How the system captured you without your consent
It is important to recognize that the imputed self-conception is not merely a set of ideas. It is a somatic-emotional patterning. Every “I” that arises in experience arrives with a physiological signature — tension, contraction, urgency, shame, pride, fear, or hope.
These somatic signatures become sunken values. Once a feeling attaches itself to the sense of “I”, the structure develops a bias toward preserving the feeling-state that confirms the identity. This is why a person can easily correct a misread sentence, yet struggle to correct a misread self-understanding. The latter is anchored in emotional commitments, not simple perception.
In Psychosynthesis, the repeated use of “I-statements” (“I have a body and I am more than my body”, and so on) unintentionally fused two very different things:
- the fleeting experience of “I” in the present moment
- the sunken emotional value that began to stand in for the imagined “whole self”
This fusion created a feedback loop. Emotional resonance became taken as evidence of identity; identity then shaped future emotional resonance. The loop strengthened itself, making the structure more rigid, not less.

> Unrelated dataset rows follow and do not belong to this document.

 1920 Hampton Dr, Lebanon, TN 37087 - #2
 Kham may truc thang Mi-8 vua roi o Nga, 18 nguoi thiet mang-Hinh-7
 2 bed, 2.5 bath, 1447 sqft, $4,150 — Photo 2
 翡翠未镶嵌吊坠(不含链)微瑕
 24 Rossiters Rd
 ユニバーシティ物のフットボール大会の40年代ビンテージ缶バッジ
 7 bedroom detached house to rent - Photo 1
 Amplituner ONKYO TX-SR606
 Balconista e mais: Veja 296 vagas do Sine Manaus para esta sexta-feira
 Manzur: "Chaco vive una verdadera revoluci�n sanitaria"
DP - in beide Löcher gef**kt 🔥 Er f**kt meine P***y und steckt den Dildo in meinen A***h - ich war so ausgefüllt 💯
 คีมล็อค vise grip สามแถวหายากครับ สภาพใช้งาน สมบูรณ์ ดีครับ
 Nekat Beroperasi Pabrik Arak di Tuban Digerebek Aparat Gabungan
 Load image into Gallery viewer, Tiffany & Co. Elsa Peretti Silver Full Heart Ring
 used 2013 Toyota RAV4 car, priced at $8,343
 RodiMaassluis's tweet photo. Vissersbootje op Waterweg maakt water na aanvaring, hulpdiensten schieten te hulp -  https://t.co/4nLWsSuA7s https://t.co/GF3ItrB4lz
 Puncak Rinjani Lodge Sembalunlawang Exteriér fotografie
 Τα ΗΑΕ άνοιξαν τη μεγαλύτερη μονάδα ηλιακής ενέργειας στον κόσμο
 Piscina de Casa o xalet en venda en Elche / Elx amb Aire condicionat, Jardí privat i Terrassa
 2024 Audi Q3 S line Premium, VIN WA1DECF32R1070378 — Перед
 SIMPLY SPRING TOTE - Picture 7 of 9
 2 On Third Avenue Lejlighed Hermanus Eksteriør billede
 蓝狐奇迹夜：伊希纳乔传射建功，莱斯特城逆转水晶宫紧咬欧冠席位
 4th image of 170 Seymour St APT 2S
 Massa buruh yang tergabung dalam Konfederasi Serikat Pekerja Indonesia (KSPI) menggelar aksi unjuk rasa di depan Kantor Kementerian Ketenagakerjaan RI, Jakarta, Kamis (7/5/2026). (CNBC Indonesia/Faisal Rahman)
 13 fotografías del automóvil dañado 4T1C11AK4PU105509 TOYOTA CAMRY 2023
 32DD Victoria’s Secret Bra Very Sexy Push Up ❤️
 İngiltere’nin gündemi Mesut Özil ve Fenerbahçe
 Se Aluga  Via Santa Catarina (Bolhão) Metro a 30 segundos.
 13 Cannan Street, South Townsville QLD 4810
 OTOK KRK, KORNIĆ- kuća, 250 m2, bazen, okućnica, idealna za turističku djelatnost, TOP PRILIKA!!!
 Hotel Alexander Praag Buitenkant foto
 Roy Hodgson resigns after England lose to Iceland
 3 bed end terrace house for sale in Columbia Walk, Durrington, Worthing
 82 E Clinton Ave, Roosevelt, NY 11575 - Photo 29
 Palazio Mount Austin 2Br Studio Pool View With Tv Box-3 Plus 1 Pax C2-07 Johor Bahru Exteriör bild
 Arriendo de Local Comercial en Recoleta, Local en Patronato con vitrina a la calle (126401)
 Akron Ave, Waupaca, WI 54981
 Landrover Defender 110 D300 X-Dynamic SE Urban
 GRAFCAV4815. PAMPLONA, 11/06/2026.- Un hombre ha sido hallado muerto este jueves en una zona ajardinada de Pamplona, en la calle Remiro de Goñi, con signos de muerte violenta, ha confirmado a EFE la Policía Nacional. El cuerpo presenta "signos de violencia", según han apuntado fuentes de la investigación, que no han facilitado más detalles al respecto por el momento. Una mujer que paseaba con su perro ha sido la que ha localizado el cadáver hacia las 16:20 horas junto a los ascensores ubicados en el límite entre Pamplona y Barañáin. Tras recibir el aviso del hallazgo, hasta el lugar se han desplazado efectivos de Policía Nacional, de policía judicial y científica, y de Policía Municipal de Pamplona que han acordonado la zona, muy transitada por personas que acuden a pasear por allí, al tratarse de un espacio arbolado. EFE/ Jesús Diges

This is how sincere practitioners became trapped by the very system they hoped would free them.
It also explains why supervisors and tutors believed they were helping while unknowingly transmitting the same structural error. The system captured everyone equally — first-year students and senior faculty alike. No one chose this. No one is to blame.
The structure did what structures do.
It reproduced itself.
And it prevented you from seeing the problem because the medium you relied on for inquiry — conversation — continually “straightened the bent stick”, making the imputed self-conception appear coherent and substantial.
This is why seeing the structure now is not a betrayal of your training. It is simply the first moment in which you can step outside an illusion you never consented to inhabit.